Provided information:
********

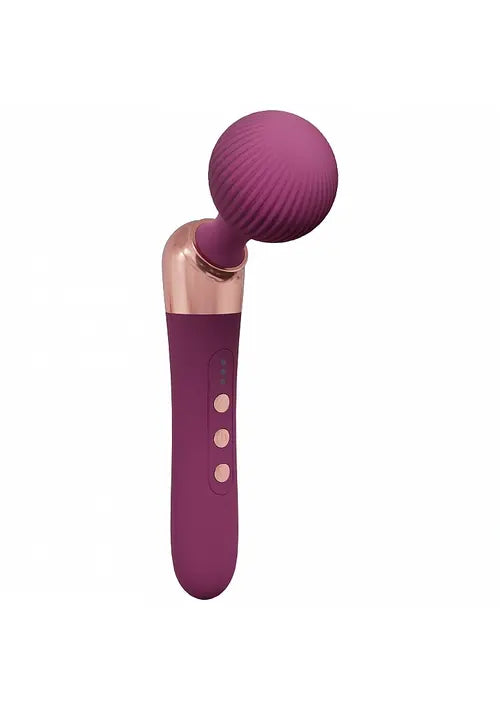 serenity vibrator burgundy against white background, angled view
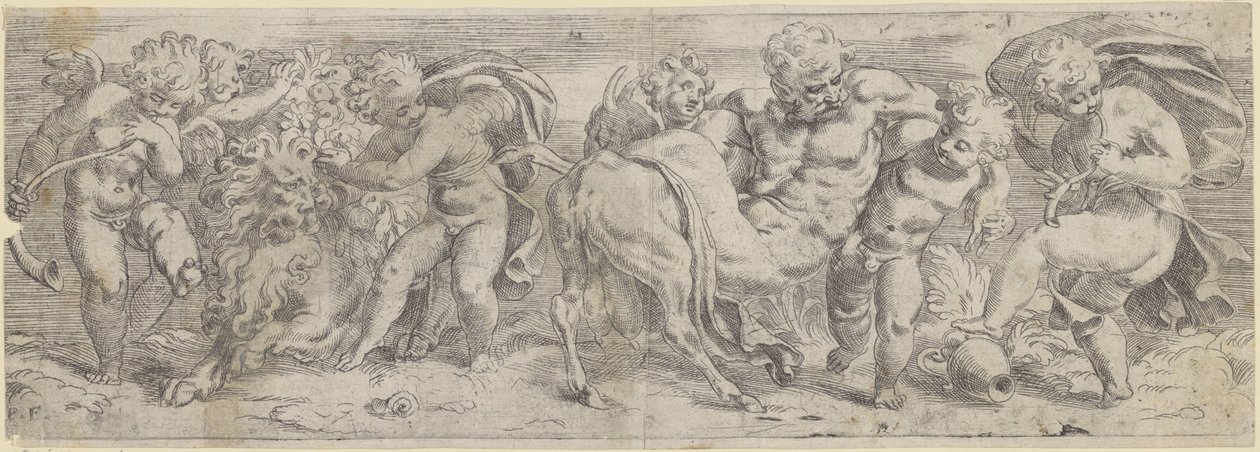 Humalassa satyr ja putti tekijältä Paolo Farinati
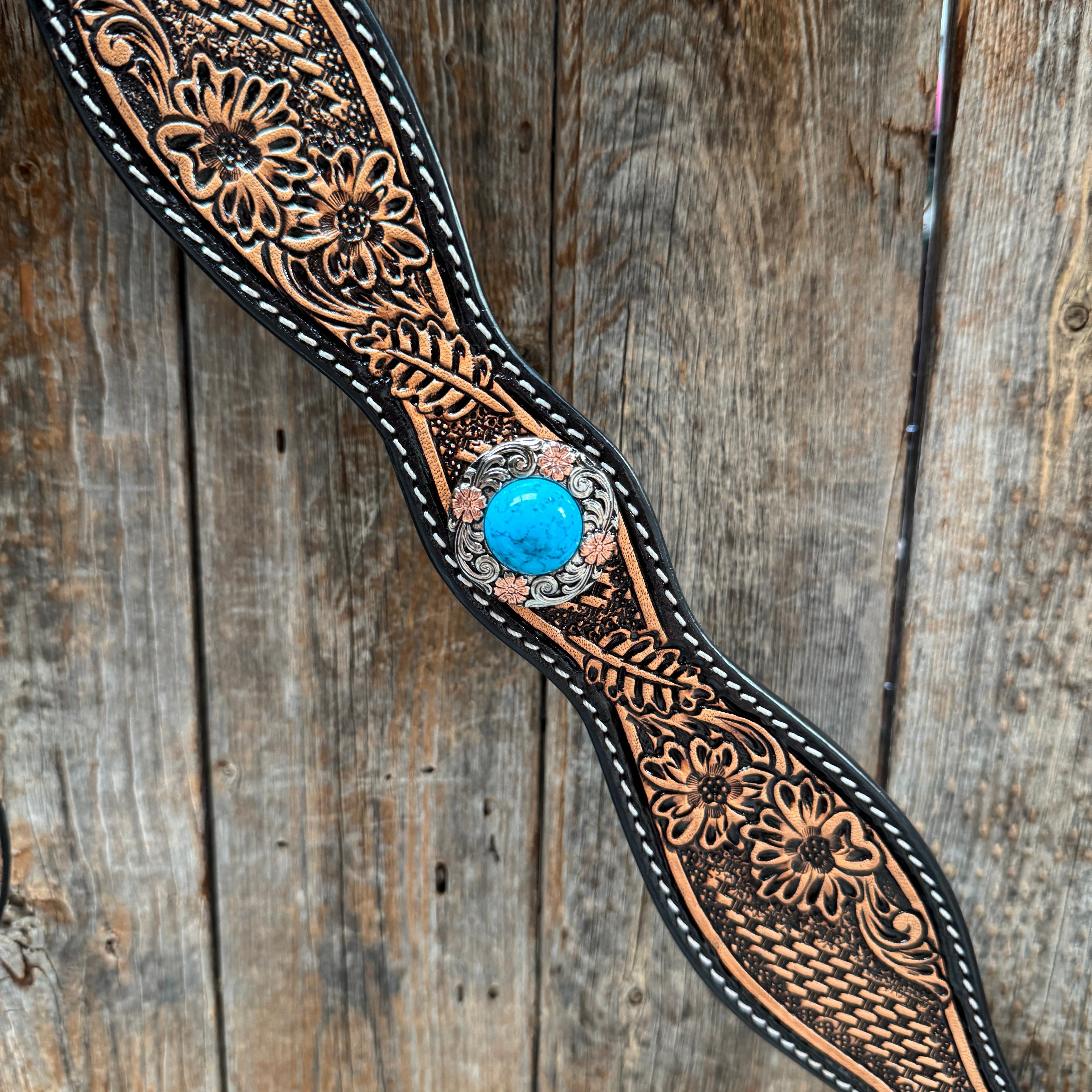 Two Tone Floral and Basketweave Western Browband Tack Set #BBBC481 — view 8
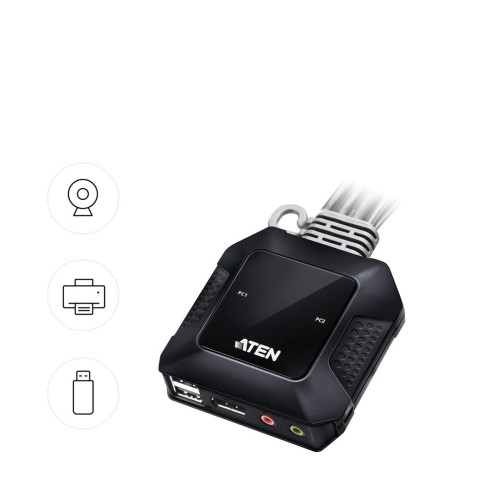 ATEN PRZEŁĄCZNIK KVM CS52DP-AT 2-PORTOWY HYBRYDOWY USB-C / DISPLAYPORT-16968255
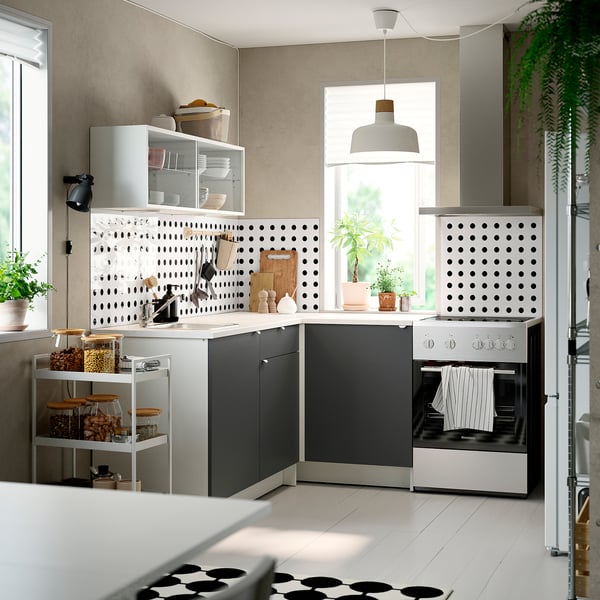 KNOXHULT Corner kitchen, dark grey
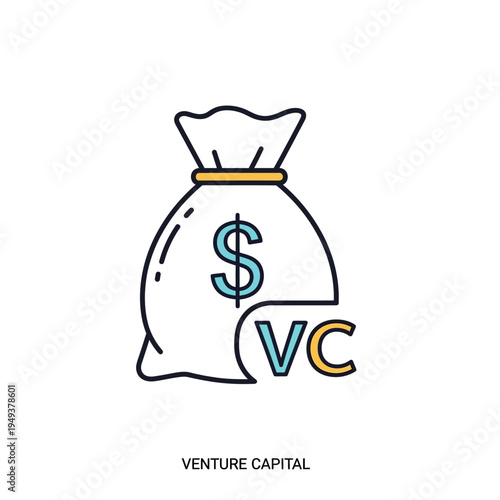 Venture capital money bag icon.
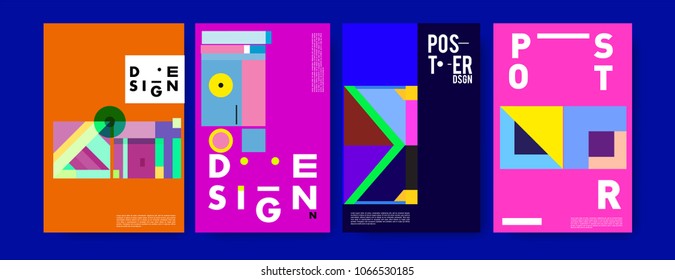 Abstract colorful geometric pattern background for poster design. Blue, yellow, red, orange, pink and green. Vector banner poster template in Eps10.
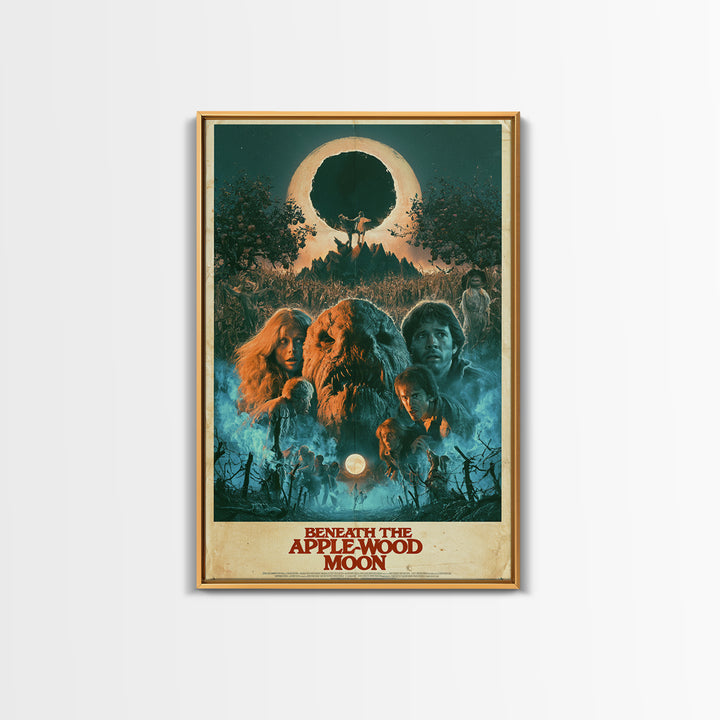 Beneath The Apple-Wood Moon, English Language Horror Movie Poster, 1980s Vhs Nightmare Cover Inspired Art, Retro Horror Movie Art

********

Work item: Repeat the records above exactly, leaving out the pictures.

Output of the exercise:
 serenity vibrator burgundy against white background, angled view
 Humalassa satyr ja putti tekijältä Paolo Farinati
 Two Tone Floral and Basketweave Western Browband Tack Set #BBBC481 — view 8
 ATEN PRZEŁĄCZNIK KVM CS52DP-AT 2-PORTOWY HYBRYDOWY USB-C / DISPLAYPORT-16968255
 KNOXHULT Corner kitchen, dark grey
 Venture capital money bag icon.
 Abstract colorful geometric pattern background for poster design. Blue, yellow, red, orange, pink and green. Vector banner poster template in Eps10.
 Beneath The Apple-Wood Moon, English Language Horror Movie Poster, 1980s Vhs Nightmare Cover Inspired Art, Retro Horror Movie Art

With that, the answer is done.